_Records supplied:_
>>>
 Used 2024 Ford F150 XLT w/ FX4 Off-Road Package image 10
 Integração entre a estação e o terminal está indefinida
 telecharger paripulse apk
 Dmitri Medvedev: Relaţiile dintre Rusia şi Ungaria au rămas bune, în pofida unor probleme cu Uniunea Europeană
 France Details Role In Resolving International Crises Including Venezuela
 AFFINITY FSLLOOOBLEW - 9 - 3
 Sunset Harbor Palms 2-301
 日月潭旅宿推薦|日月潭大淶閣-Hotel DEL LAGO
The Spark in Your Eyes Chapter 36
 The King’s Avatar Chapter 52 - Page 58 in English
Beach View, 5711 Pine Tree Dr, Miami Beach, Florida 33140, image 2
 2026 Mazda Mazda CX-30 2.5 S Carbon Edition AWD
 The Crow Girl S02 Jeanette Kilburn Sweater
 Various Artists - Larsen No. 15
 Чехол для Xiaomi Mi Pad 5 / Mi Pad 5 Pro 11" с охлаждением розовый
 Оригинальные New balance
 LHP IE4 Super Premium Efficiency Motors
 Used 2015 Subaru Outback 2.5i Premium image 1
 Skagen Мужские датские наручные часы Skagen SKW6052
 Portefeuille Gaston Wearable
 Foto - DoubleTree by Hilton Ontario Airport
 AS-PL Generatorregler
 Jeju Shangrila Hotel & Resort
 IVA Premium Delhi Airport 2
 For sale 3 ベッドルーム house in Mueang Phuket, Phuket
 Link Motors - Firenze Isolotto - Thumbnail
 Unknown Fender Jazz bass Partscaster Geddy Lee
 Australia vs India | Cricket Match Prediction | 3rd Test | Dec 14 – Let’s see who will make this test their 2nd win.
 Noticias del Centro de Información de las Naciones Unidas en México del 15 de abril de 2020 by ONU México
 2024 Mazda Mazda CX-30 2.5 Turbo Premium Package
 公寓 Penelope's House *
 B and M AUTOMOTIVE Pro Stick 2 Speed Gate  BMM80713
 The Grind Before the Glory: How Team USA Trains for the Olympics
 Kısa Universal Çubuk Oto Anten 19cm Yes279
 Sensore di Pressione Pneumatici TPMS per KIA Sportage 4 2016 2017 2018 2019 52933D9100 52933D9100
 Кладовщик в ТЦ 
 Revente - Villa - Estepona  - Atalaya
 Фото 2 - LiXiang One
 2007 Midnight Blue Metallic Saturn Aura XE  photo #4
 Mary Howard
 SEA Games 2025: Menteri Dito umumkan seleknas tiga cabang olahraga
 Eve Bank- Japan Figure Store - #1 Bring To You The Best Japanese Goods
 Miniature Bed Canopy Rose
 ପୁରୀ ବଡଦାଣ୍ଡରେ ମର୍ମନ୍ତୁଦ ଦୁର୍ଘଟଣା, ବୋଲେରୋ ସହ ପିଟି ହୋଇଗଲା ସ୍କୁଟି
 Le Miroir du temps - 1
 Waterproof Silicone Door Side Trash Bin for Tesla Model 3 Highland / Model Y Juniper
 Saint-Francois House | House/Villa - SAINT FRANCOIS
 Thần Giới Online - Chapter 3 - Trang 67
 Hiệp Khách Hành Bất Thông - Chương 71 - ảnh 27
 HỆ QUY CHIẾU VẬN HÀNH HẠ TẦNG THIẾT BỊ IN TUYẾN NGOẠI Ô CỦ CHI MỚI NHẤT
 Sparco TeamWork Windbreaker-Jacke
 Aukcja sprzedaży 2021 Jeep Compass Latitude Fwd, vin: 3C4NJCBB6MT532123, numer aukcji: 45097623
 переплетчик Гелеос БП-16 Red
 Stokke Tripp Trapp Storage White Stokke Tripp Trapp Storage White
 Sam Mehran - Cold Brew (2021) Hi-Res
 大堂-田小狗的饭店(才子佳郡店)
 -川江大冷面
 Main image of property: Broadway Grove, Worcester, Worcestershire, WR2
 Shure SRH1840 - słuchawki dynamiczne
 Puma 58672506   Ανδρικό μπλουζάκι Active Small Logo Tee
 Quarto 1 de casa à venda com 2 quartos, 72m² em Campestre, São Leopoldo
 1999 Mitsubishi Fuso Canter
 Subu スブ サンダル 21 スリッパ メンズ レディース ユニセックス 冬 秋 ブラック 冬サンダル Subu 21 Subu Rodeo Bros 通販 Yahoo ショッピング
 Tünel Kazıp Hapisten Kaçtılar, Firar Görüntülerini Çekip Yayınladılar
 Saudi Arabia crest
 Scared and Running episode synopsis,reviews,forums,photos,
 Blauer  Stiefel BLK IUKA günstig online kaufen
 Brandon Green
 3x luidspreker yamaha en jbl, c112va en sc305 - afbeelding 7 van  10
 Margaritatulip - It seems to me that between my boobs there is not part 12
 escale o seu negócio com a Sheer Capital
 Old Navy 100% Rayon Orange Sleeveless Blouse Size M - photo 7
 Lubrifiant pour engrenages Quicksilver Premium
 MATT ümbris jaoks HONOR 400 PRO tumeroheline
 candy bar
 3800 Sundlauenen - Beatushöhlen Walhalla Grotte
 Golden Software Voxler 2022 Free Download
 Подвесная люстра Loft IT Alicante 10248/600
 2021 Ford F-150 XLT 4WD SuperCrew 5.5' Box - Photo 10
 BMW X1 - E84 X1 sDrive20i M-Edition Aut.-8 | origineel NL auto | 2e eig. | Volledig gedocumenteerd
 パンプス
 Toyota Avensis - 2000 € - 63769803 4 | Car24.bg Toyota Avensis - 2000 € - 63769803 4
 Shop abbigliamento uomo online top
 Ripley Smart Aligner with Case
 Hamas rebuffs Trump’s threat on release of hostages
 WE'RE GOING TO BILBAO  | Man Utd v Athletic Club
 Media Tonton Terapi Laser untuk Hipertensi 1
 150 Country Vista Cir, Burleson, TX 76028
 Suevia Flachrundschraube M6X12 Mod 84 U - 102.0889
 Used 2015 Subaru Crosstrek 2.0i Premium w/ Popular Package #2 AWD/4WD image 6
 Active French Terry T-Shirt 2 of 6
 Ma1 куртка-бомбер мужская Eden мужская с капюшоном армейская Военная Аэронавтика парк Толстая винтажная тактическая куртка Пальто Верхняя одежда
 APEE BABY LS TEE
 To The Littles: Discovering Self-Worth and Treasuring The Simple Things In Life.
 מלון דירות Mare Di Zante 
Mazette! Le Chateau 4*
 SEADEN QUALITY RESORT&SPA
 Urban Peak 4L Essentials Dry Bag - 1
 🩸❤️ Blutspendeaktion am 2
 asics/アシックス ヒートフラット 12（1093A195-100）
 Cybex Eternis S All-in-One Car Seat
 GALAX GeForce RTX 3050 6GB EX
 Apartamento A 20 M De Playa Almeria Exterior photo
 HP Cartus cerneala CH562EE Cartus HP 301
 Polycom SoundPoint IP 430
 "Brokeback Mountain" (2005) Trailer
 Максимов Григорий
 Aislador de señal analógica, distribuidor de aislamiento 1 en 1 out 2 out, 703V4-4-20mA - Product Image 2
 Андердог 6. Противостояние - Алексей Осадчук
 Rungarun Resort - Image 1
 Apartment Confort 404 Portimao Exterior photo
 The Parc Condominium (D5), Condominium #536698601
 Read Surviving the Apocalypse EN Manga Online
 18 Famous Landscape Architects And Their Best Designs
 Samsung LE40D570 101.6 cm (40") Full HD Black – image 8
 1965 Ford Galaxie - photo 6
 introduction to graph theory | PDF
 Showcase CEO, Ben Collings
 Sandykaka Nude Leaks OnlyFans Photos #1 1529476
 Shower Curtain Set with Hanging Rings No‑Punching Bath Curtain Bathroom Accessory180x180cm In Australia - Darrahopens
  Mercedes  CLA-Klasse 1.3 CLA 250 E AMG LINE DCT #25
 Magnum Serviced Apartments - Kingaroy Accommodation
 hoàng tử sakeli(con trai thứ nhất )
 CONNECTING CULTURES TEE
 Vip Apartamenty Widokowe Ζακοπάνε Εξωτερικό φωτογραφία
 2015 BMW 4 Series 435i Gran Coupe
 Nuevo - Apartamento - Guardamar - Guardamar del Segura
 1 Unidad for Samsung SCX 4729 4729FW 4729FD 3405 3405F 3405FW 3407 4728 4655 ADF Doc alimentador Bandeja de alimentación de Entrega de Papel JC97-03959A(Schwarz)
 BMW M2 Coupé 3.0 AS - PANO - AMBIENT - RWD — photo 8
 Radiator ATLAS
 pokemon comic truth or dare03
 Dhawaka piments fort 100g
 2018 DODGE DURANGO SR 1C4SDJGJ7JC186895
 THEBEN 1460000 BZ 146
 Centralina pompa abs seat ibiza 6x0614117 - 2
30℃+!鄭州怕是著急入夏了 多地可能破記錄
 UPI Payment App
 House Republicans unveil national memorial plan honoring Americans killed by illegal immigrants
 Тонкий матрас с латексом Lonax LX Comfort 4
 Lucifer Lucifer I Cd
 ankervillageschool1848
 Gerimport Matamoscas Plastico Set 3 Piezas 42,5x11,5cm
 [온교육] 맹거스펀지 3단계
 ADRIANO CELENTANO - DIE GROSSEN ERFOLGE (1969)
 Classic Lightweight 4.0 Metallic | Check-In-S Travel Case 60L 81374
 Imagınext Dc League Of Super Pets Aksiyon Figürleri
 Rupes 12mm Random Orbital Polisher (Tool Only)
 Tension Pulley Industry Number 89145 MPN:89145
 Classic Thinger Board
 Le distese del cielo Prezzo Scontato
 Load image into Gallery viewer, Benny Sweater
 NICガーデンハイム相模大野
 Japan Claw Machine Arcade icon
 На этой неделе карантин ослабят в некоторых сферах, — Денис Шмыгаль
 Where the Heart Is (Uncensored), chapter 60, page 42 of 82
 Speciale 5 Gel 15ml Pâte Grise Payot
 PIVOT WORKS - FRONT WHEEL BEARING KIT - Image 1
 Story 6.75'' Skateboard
<<<
Among the records, find each line where the word "with" occurs, and copy it.

_Response to this exercise:_
 Ripley Smart Aligner with Case
 Shower Curtain Set with Hanging Rings No‑Punching Bath Curtain Bathroom Accessory180x180cm In Australia - Darrahopens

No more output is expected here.